On a recent episode of her podcast, On With Kara Swisher, the veteran tech journalist argued that AI may be hitting a ceiling—not just because of technical limitations, but because of human resistance.
“Human beings don’t like it,” she bluntly explained.
“Ultimately, [AI] feels like a Twinkie. It tastes like a Twinkie. And I don’t know if they can ever make it taste like an apple, if that makes sense. I don’t know if they can.”
Gen Zers are souring on AI as they see through the ‘fake’ and ‘performative,’ according to Kara Swisher
The path forward for AI companies is already getting steeper as sentiment, particularly among young people, begins to sour. A new survey from the Walton Family Foundation found that just 18% of Gen Zers feel hopeful about using AI, down from 27% the year prior. Nearly one-third of respondents said the technology makes them feel angry.
“I think people are moving faster towards the genuine versus the fake and the performative. I know that with my kids, I can see it. I can see it in the culture,” Swisher added. “People are craving community and people and things like that.”
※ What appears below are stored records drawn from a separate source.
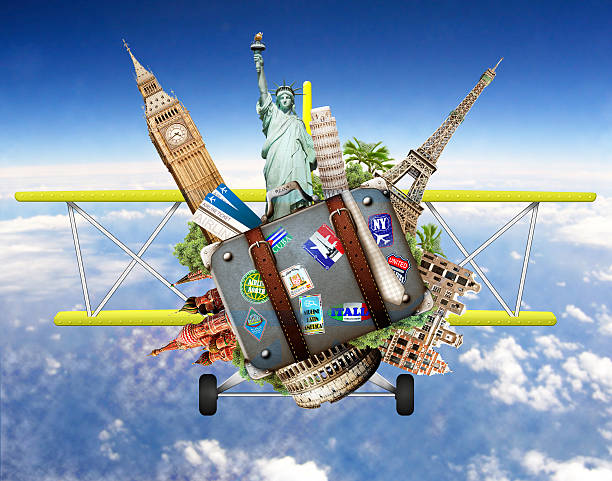 istock Tourism and travel. Airplane 456003639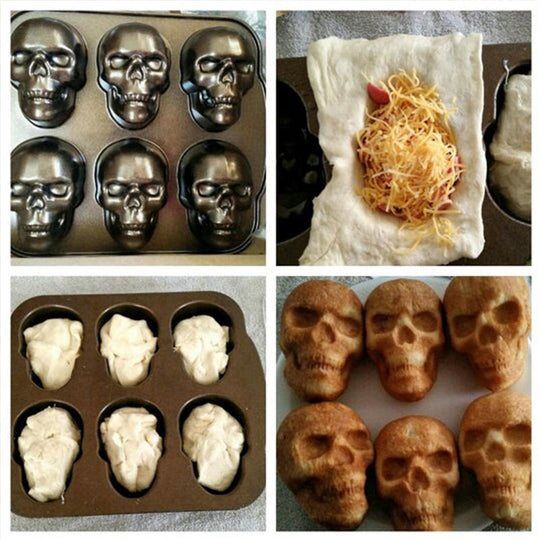 3D Skull Cake Mold for Halloween Baking - Durable Aluminum Design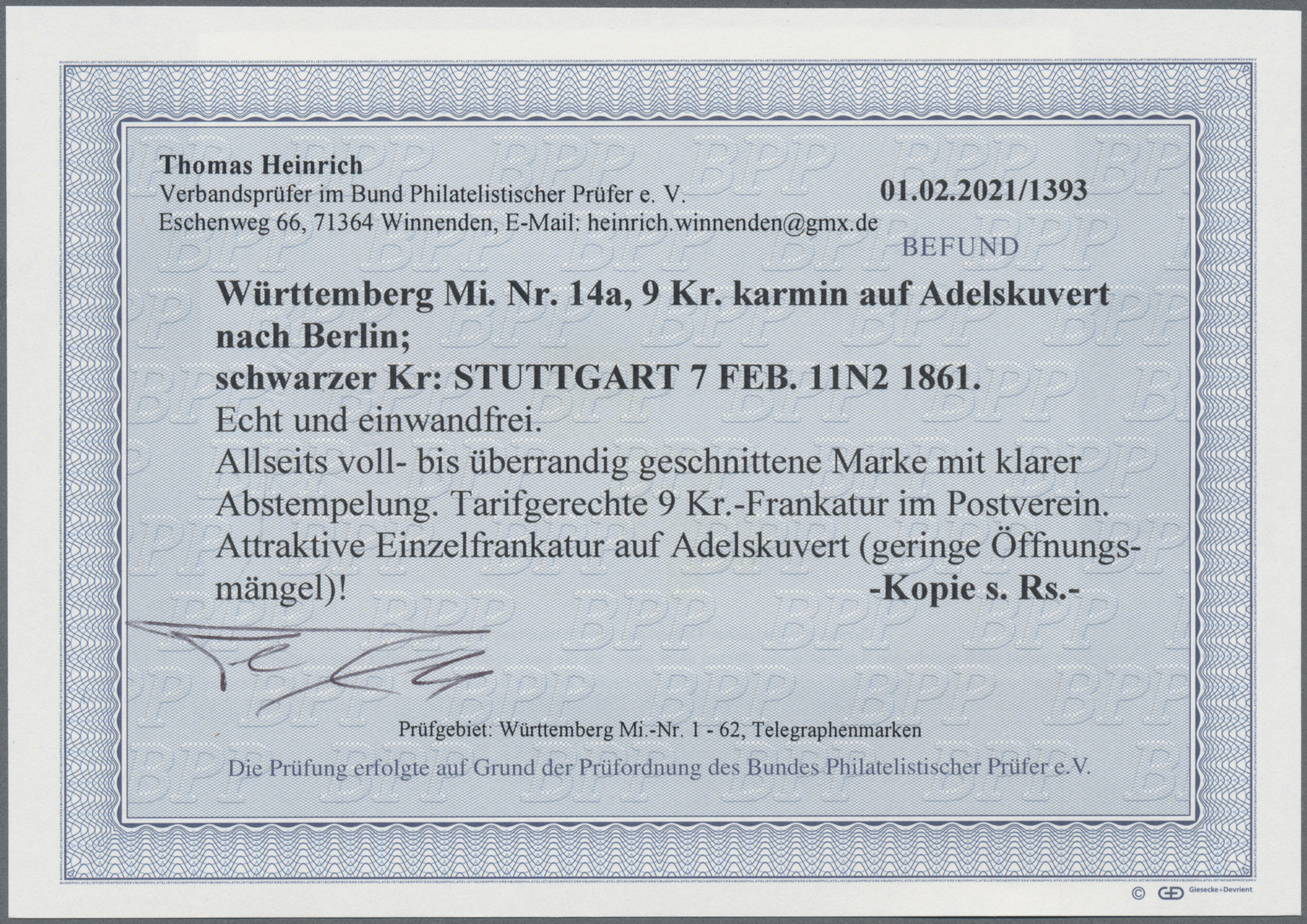 Lot 22941 - Württemberg - Marken und Briefe  -  Auktionshaus Christoph Gärtner GmbH & Co. KG 50th Auction Anniversary Auction - Day 7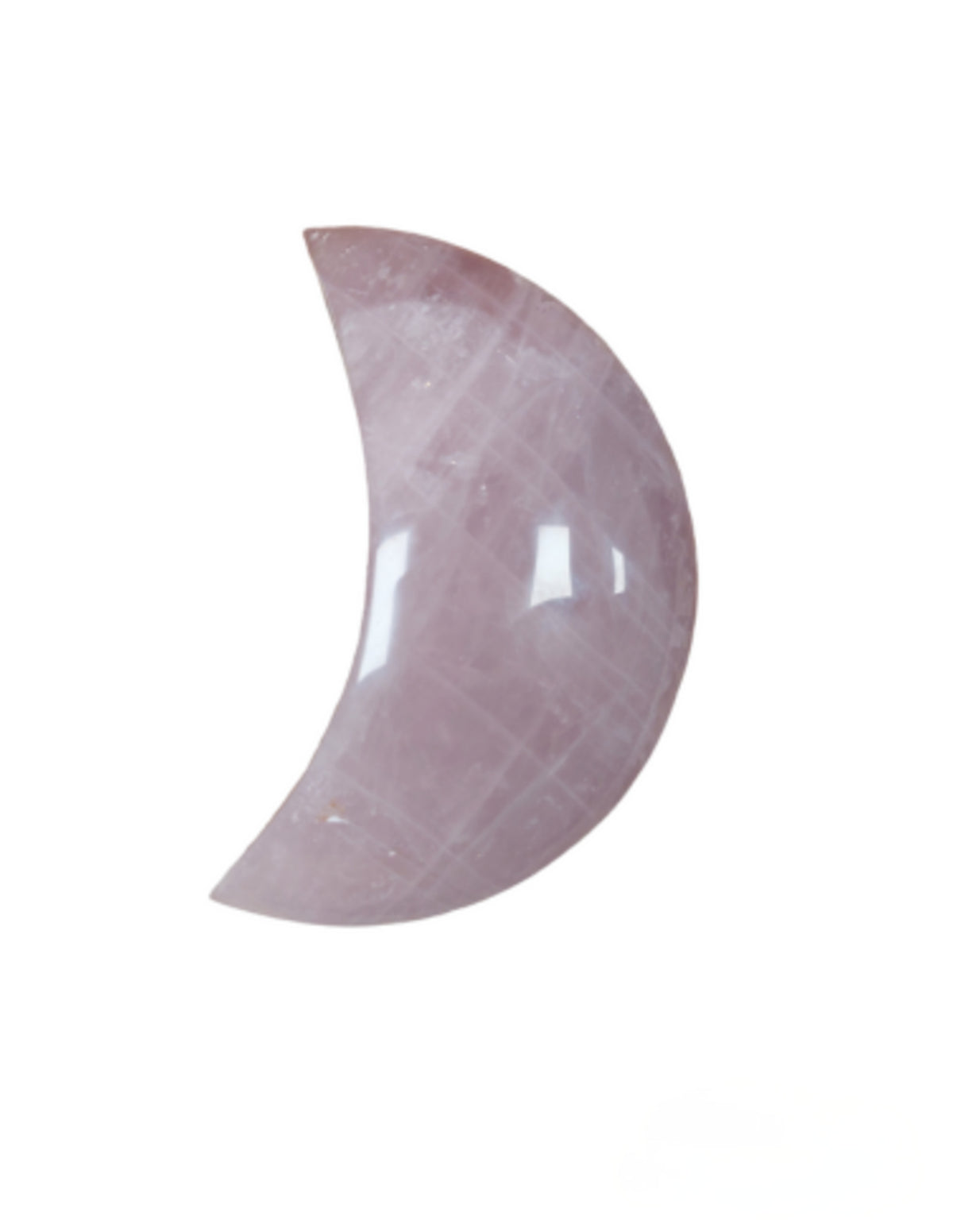 Rosenkvarts måne, nr 2, 14,5 cm (845 g)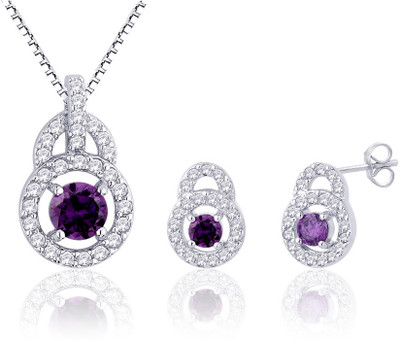 31% OFF on Peora Silver Jewel Set Silver, Purple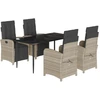 Image de vidaXL Salon de jardin 5 pièces avec coussins gris clair Poly rotin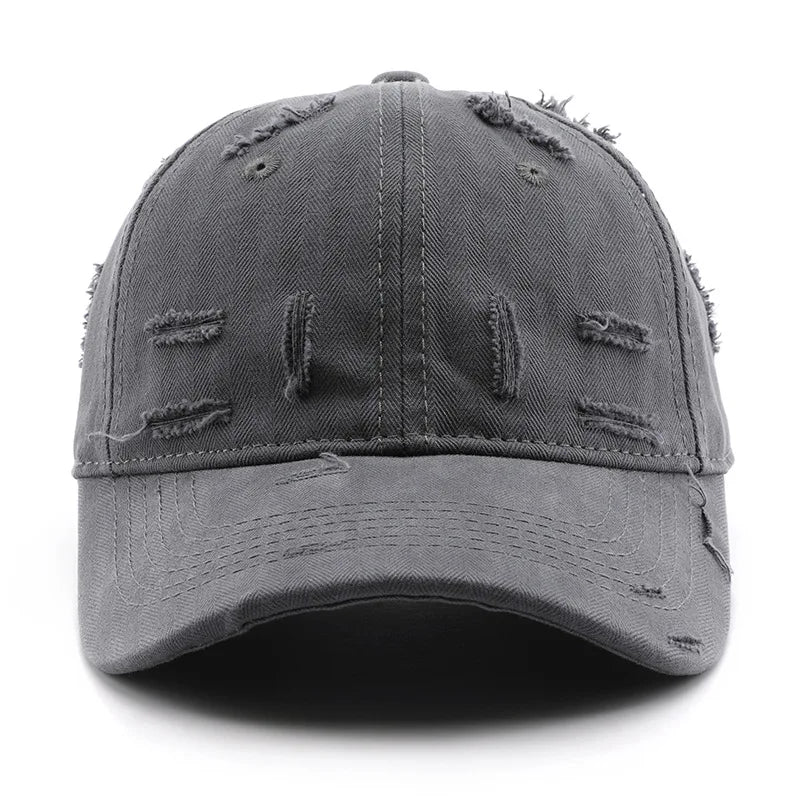 Vintage Distressed Baseball Cap, Casual Adjustable Cotton Hat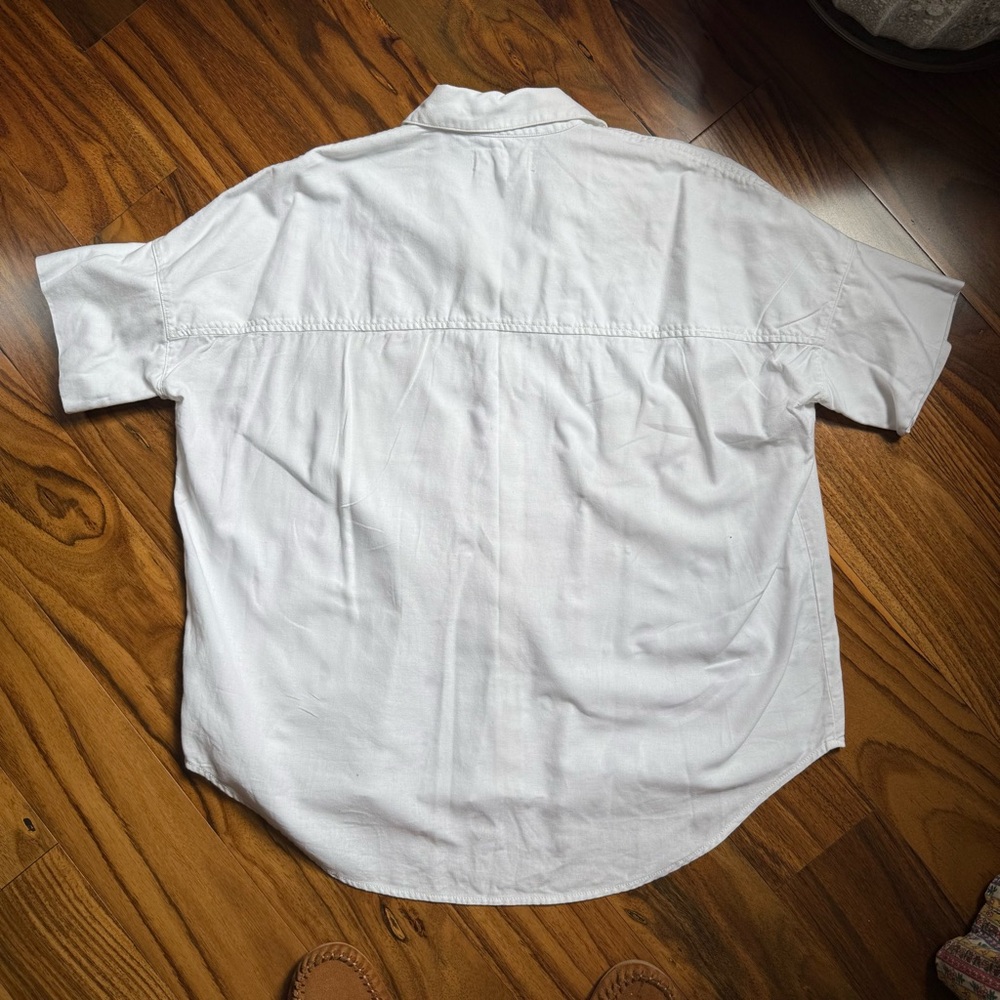 Madewell White Cotton Courier Shirt Sz M - Picture 6 of 11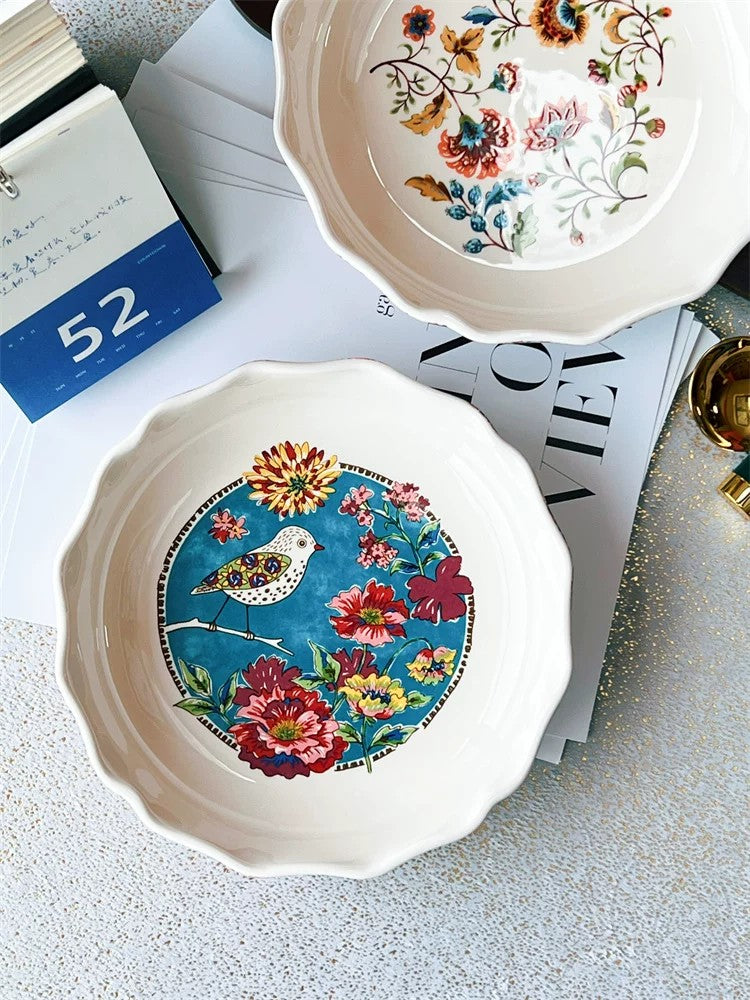 Auspicious Wheel Floral Underglaze Pottery Deep Plate - detail 3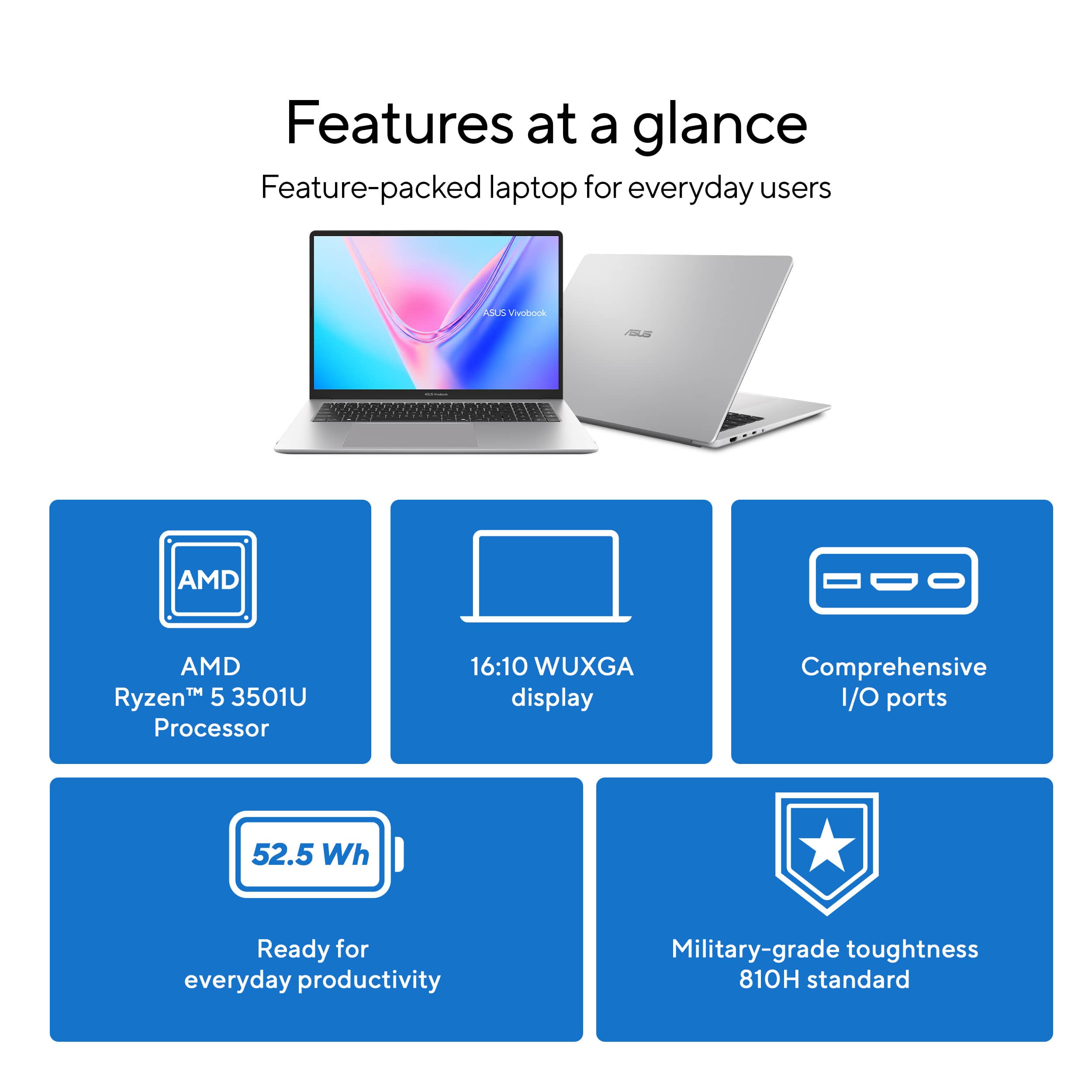 ASUS Vivobook 16 16” 2K Laptop AMD Ryzen 5 3501U (2026) 8GB Memory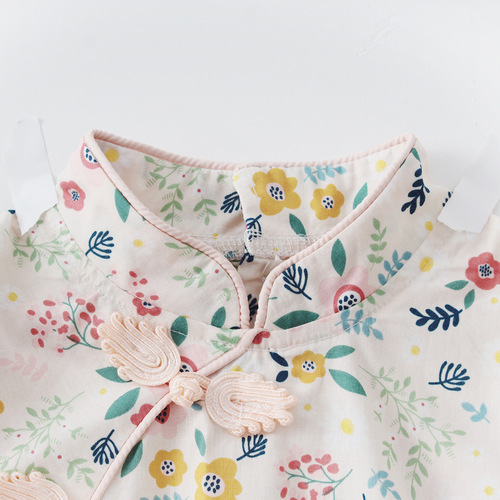 INS  summer baby girl Hanfu Hanyi Chinese style baby cheongsam cotton sleeveless jumpsuit romper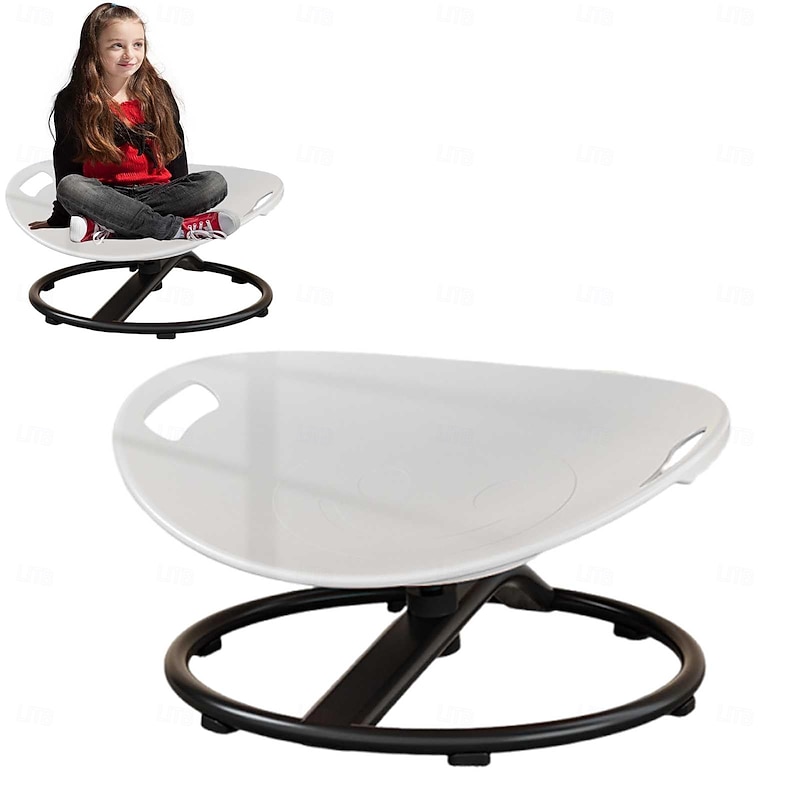 Sensory Toys for Autism,Double Handle Design Autism Spinning Chair Training Body Coordination Sit and Spin Metal Base More Safer Spinning Chair for Kids Sensory3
That skepticism isn’t just abstract. It’s increasingly colliding with the realities of the workplace, where AI is being deployed not only as a productivity tool, but also as a justification for restructuring—and in some cases, reducing headcount. For many younger workers, that shift has turned AI from a distant technological promise into something far more immediate: a threat to the careers they are eager to get off the ground.
In response, some young people have already begun pivoting toward more “AI-proof” career paths, including skilled trades jobs, that are less susceptible to automation. And the shift goes beyond careers: Young people are also pulling back on screen-heavy habits, trading doomscrolling and video games for board games, manual cars, and vinyl records as they seek out more tangible, offline experiences in an increasingly digital world.
As tech companies prepare to cut headcounts in the name of AI, Gen Z is taking note
Earlier this year, payments firm Block became a poster child for major layoffs in the name of AI—cutting its workforce nearly in half from over 10,000 to just under 6,000.
“We’re already seeing that the intelligence tools we’re creating and using, paired with smaller and flatter teams, are enabling a new way of working which fundamentally changes what it means to build and run a company,” Block CEO Jack Dorsey wrote on X.
At Amazon, CEO Andy Jassy similarly said last year that generative AI will likely reduce the need for certain roles.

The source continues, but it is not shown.